** Data under study follows **

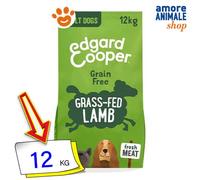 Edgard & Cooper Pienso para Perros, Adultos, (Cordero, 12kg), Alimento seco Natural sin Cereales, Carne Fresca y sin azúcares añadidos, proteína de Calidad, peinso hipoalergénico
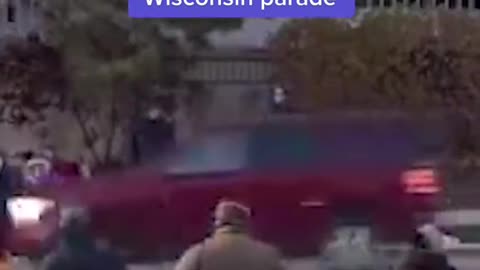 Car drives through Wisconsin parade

** End of Data under study **
** Data under study follows **

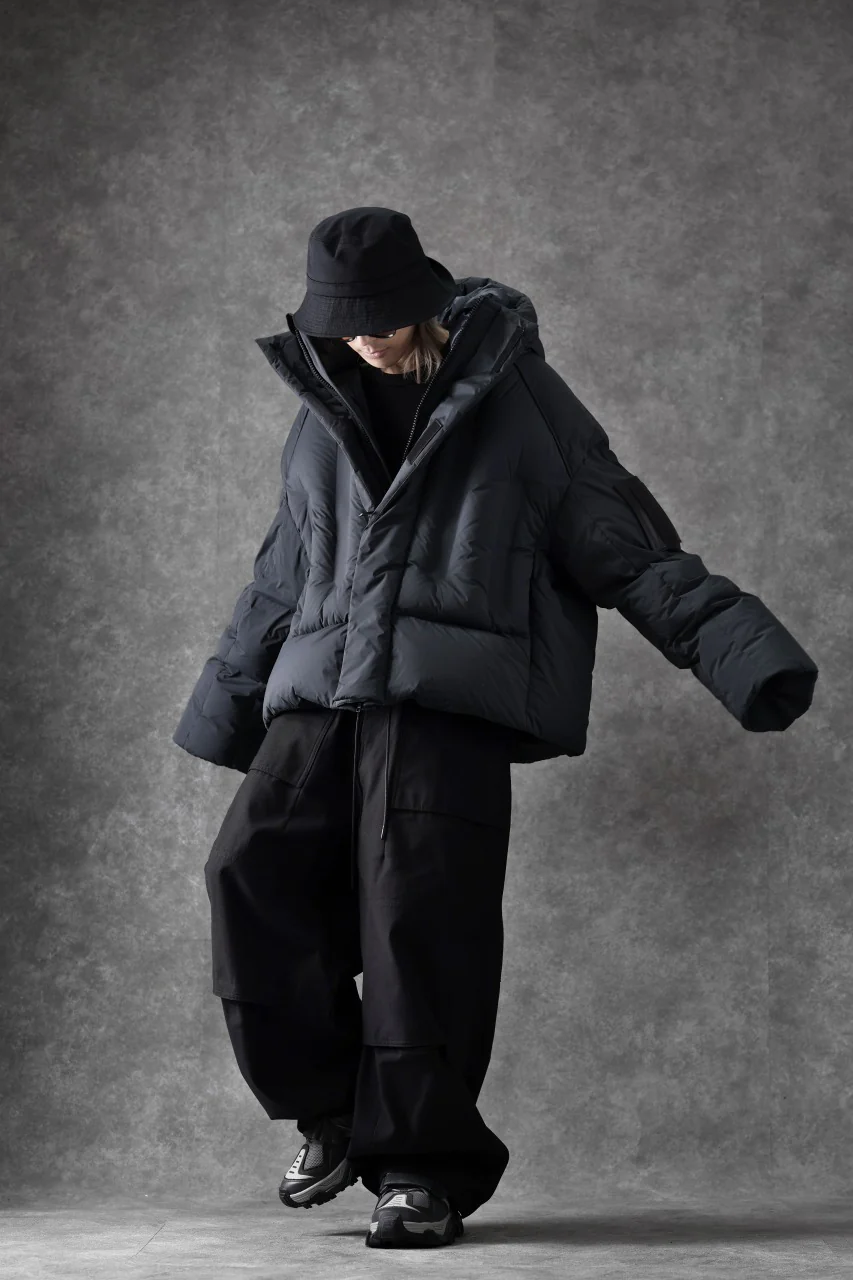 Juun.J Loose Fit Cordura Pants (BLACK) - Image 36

** End of Data under study **

» **Your instructions**
Transcribe only the lines above that start at the line containing "Edgard & Cooper" and end at the line containing "Car drives through Wisconsin parade". Omit pictures.

» **Written answer**
 Edgard & Cooper Pienso para Perros, Adultos, (Cordero, 12kg), Alimento seco Natural sin Cereales, Carne Fresca y sin azúcares añadidos, proteína de Calidad, peinso hipoalergénico
 Car drives through Wisconsin parade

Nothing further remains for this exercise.